Created 11-19-2015 03:03 AM
I'm currently using Spark 1.4 and I'm loading some data into a DataFrame using jdbc:
val jdbcDF = sqlContext.load("jdbc", options)
How can I save the jdbcDF DataFrame to a Hive table using the ORC file format?
Created 11-19-2015 03:07 AM
df.write.format("orc") will get you there.
See: http://hortonworks.com/blog/bringing-orc-support-into-apache-spark/ or http://docs.hortonworks.com/HDPDocuments/HDP2/HDP-2.3.2/bk_spark-guide/content/ch_orc-spark.html
Created 11-19-2015 03:07 AM
df.write.format("orc") will get you there.
See: http://hortonworks.com/blog/bringing-orc-support-into-apache-spark/ or http://docs.hortonworks.com/HDPDocuments/HDP2/HDP-2.3.2/bk_spark-guide/content/ch_orc-spark.html
Created 11-19-2015 03:15 AM
Thanks for the helpful links! Should I create the Hive table ahead of time or could I do everything within spark?
Created 11-19-2015 03:52 AM
@Kit Menke You can create within spark. Please see this https://hortonworks.com/hadoop-tutorial/apache-spark-1-5-1-technical-preview-with-hdp-2-3/
Created 12-12-2015 01:33 AM
If you want to access your table from hive, you have two options:
1- create table ahead and use df.write.fromat("orc")
2- use Brandon's suggestion here, register df as temp_table and do create table as select from temp_table.
See code examples here:
If you use saveAsTable function, it will create a table in hive metastore, but hive wont be able to query it. Only spark can use the table with this method.
Created 11-19-2015 03:24 AM
You can just write out the DF as ORC and the underlying directory will be created. LMK, if this doesn't work.
Created 11-19-2015 03:41 PM
Yep, the ORC directory is created but a Hive table is not.
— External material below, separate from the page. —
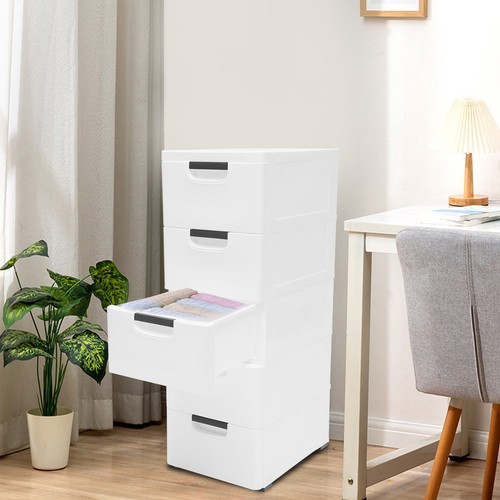 Organizer armadio bianco con - organizer,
Created 12-17-2015 01:56 AM
I am also facing the same issue .. I saved the data in orc format from DF and created external hive table ..when I do show tables in hive context in spark it shows me the table but I couldnt see any table in my hive warehouse so when I query the hive external table. when I just create the hive table(no df no data processing ) using hivecontext table get created and able to query also .Unable to understand this strange behaviour . Am I misisng something ?
for ex : hiveContext.sql("CREATE TABLE IF NOT EXISTS TestTable (name STRING, age STRING)")
shows me the table in hive also.
Created 11-19-2015 03:41 AM
The way I have done this is to first register a temp table in Spark and then leverage the sql method of the HiveContext to create a new table in hive using the data from the temp table. For example if I have a dataframe df and HiveContext hc the general process is:
df.registerTempTable("my_temp_table") hc.sql("CREATE TABLE new_table_name STORED AS ORC AS SELECT * from my_temp_table")
Created 11-19-2015 03:39 PM
Very interesting! I will try this out!